==== Material to process
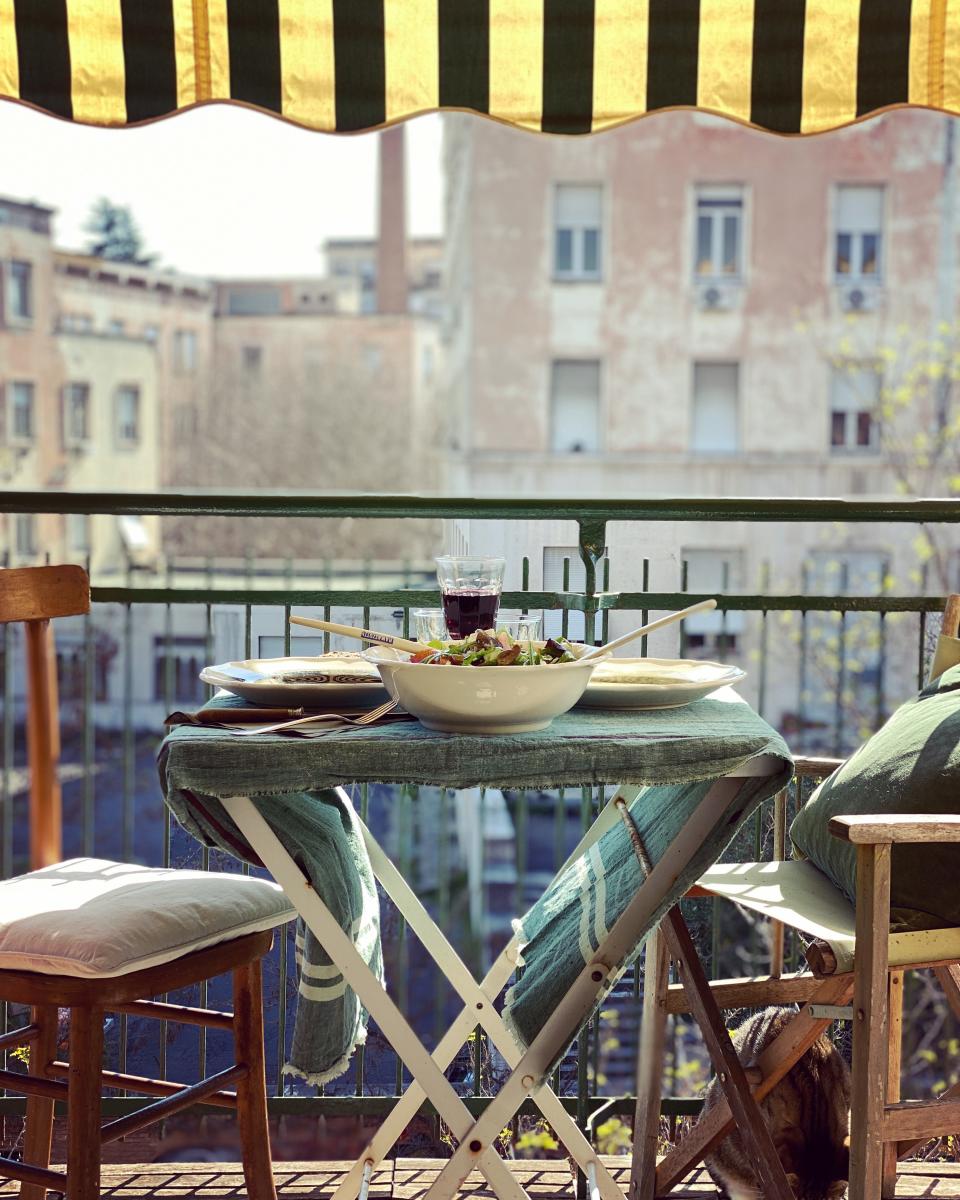 Andrea Ferolla and Daria Reina set up a table on the terrace of their apartment in Rome.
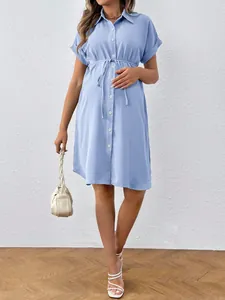 Light blue short sleeve maternity shirt dress with drawstring waist detail for summer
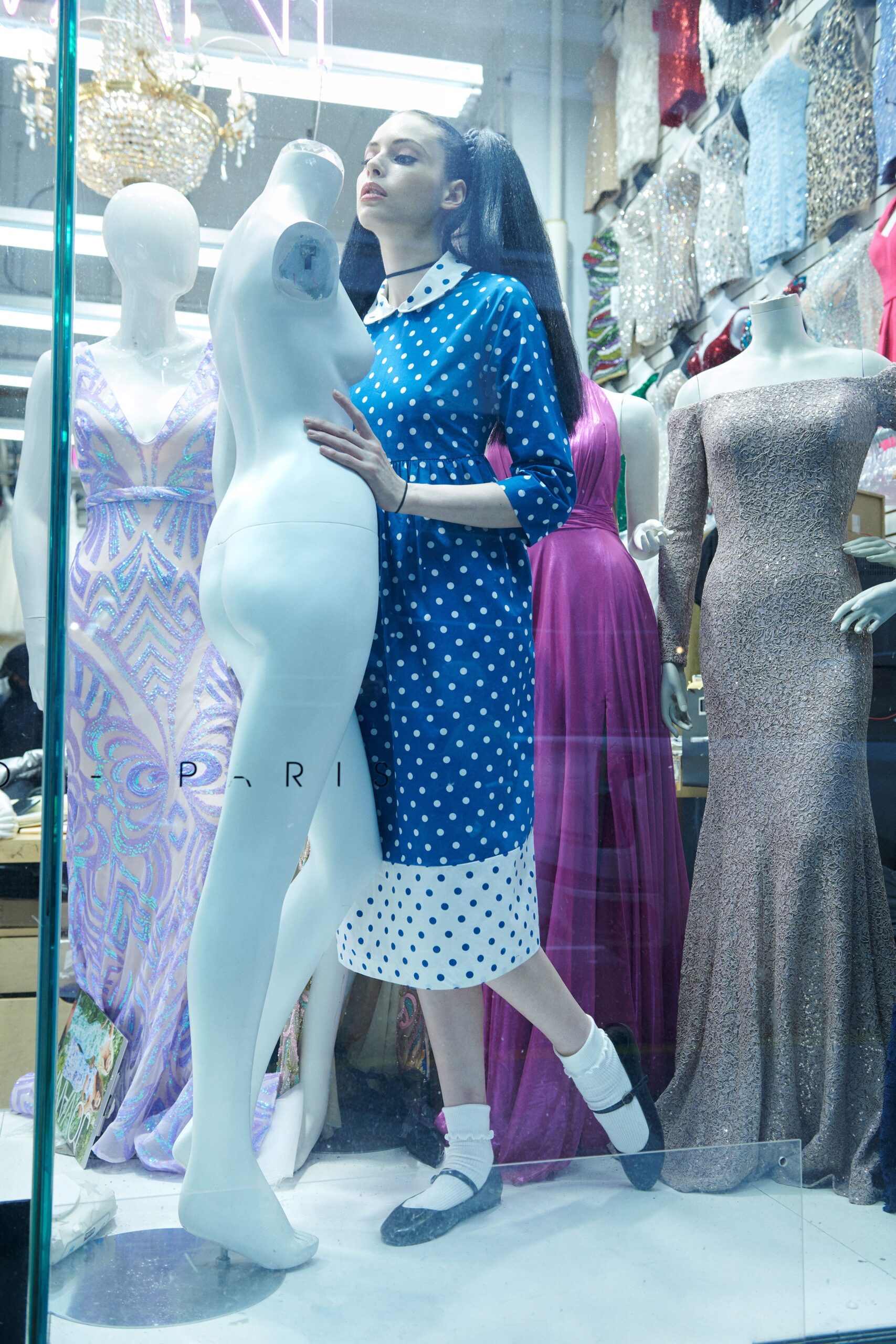 blue and white polka-dot dress
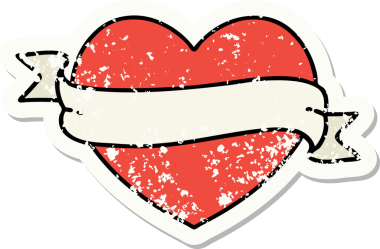 Bir insan tarafından çizilmiş geleneksel bir kalp ve bayrak stili dövmesi.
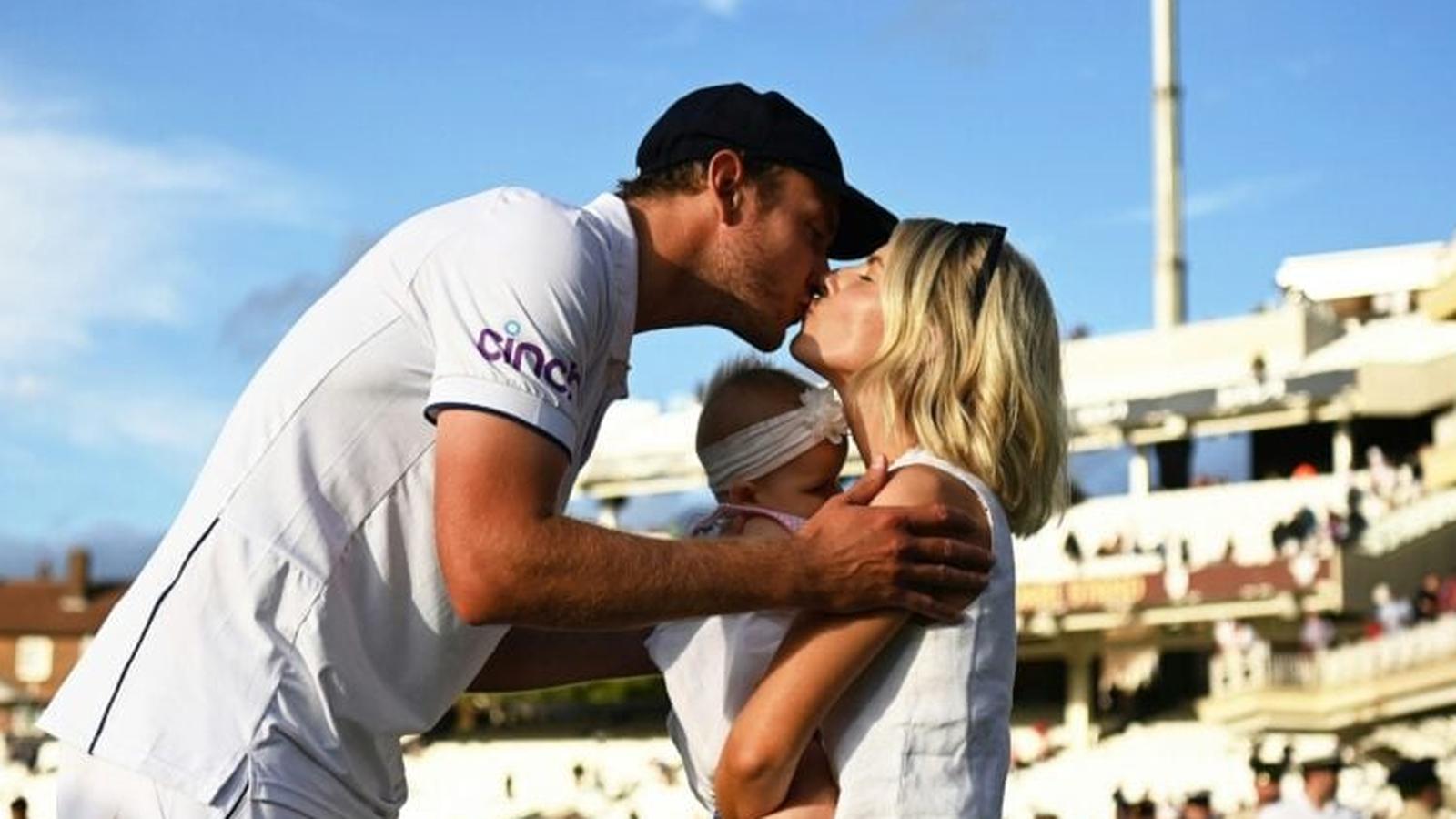 Stuart Broad kissing wife Mollie King while holding their baby on a cricket pitch
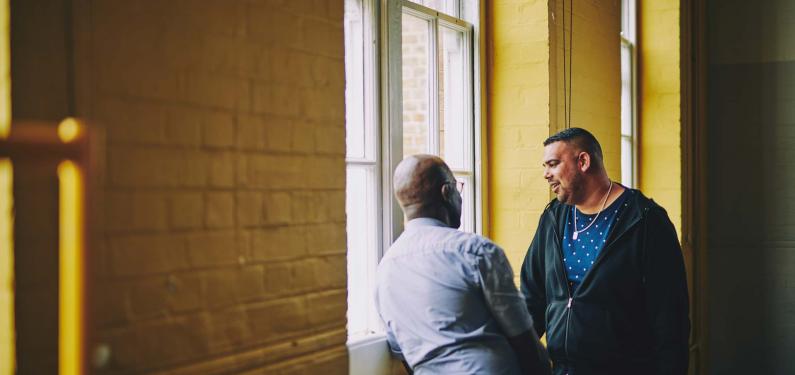 Two men are having a conversation by a window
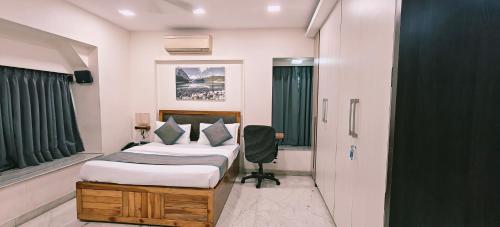 a bedroom with a bed and a chair and a window at TIM Service Apartment Goregaon East Near NESCO in Mumbai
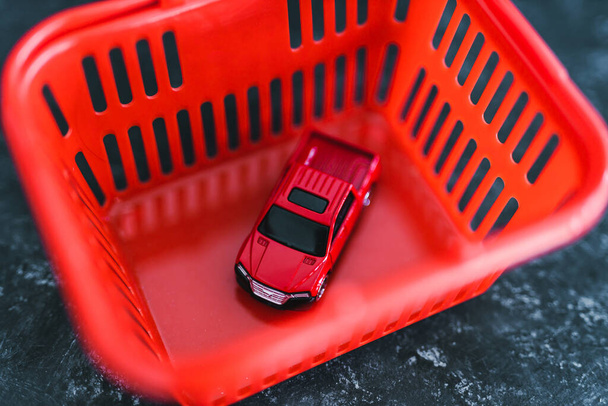 red toy car inside of shopping basket over black marble background, concept of buying a new car - 写真・画像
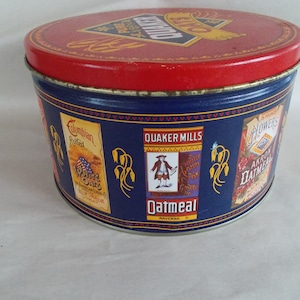 Op de afbeelding: Een ronde blauwe en rode blikken doos met het Quaker Oats logo op de deksel. De doos heeft een blauwe achtergrond met afbeeldingen van verschillende Quaker Oats producten, waaronder "Columbian Rolled White Oats", "Quaker Mills Oatmeal" en "Akron Oatmeal".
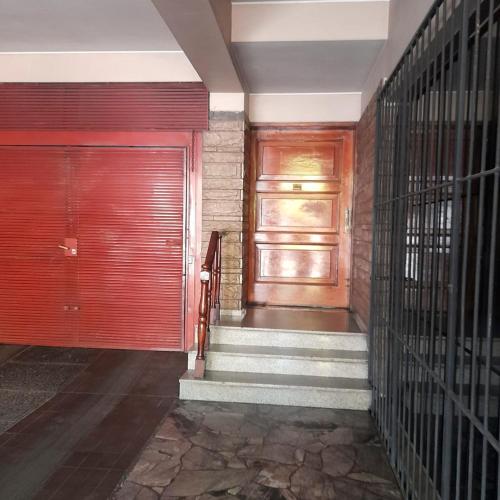 a hallway with a red door and a staircase at Hermoso departamento en Ciudad de Mendoza in Barraquero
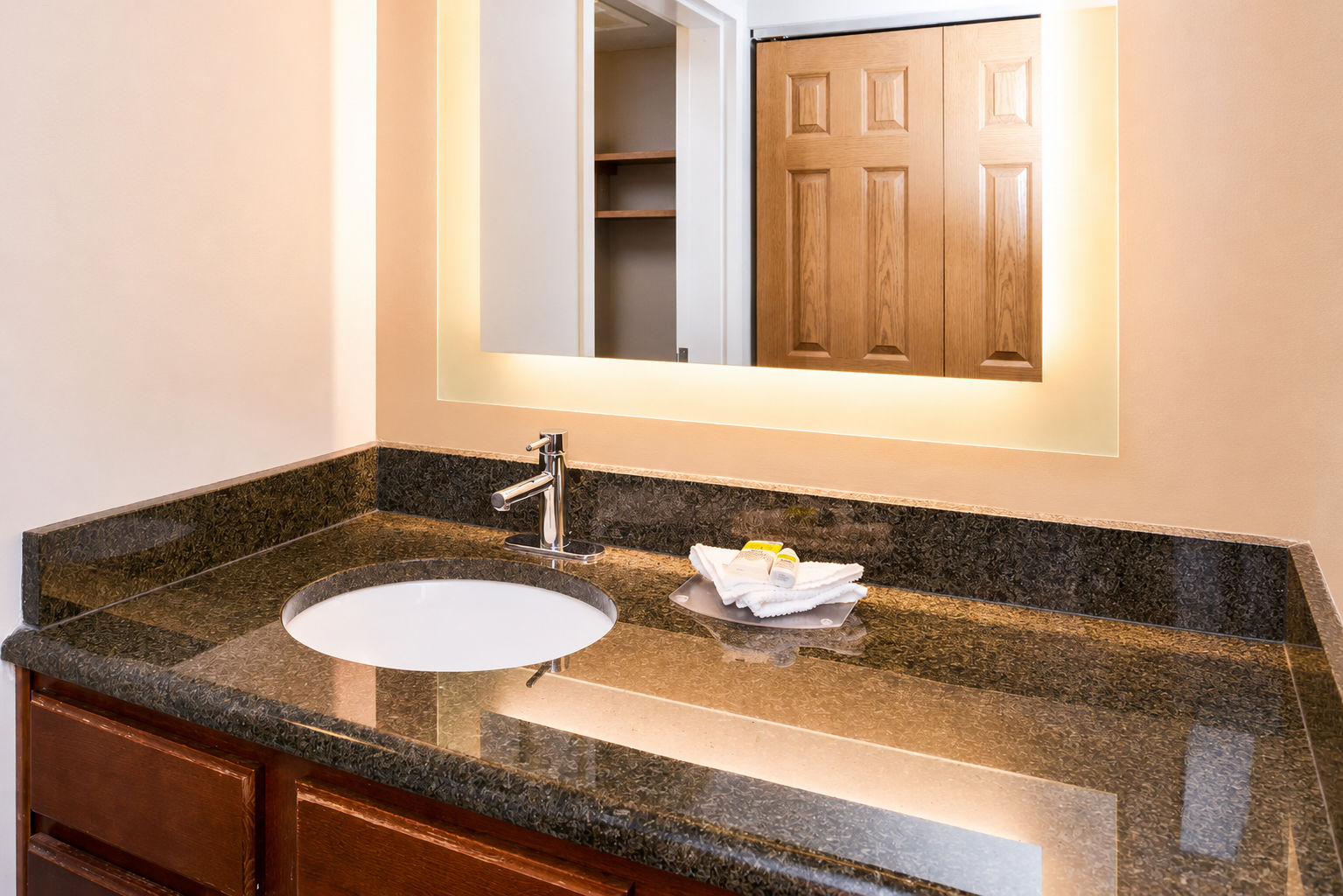 image Modern bathroom vanity with stylish lighting and fresh towels.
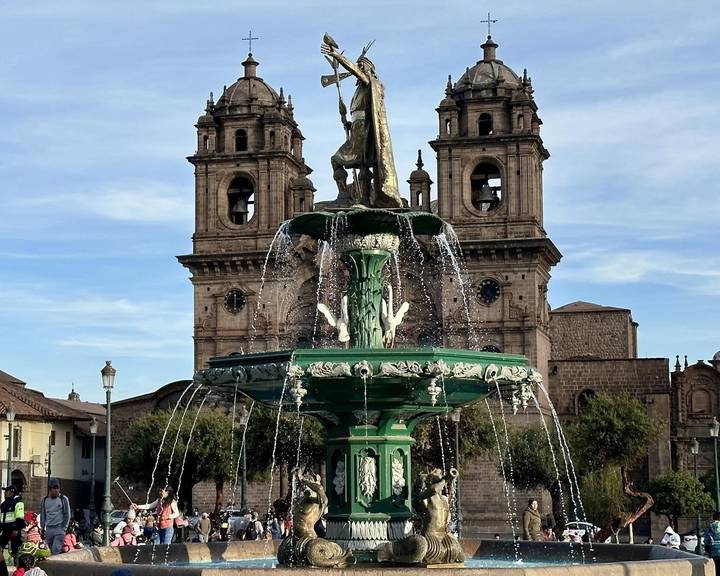 Ornate green fountain topped with an Incan figure splashes before the twin bell towers of Cusco's Iglesia La Compañía.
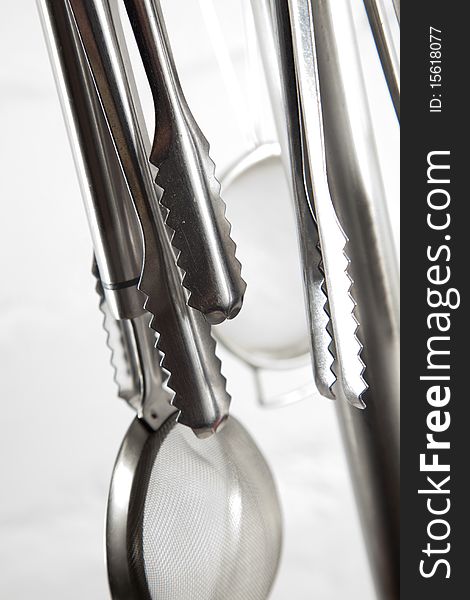 Kitchen utensils hangin in kitchen on a white background. Kitchen utensils hangin in kitchen on a white background.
========
- **Problem requirements**: Using the entries above, transcribe exactly from the line that has "image Modern bathroom" through the line that has "Ornate green fountain". Pictures are dropped.

- **Completed exercise**:
 image Modern bathroom vanity with stylish lighting and fresh towels.
 Ornate green fountain topped with an Incan figure splashes before the twin bell towers of Cusco's Iglesia La Compañía.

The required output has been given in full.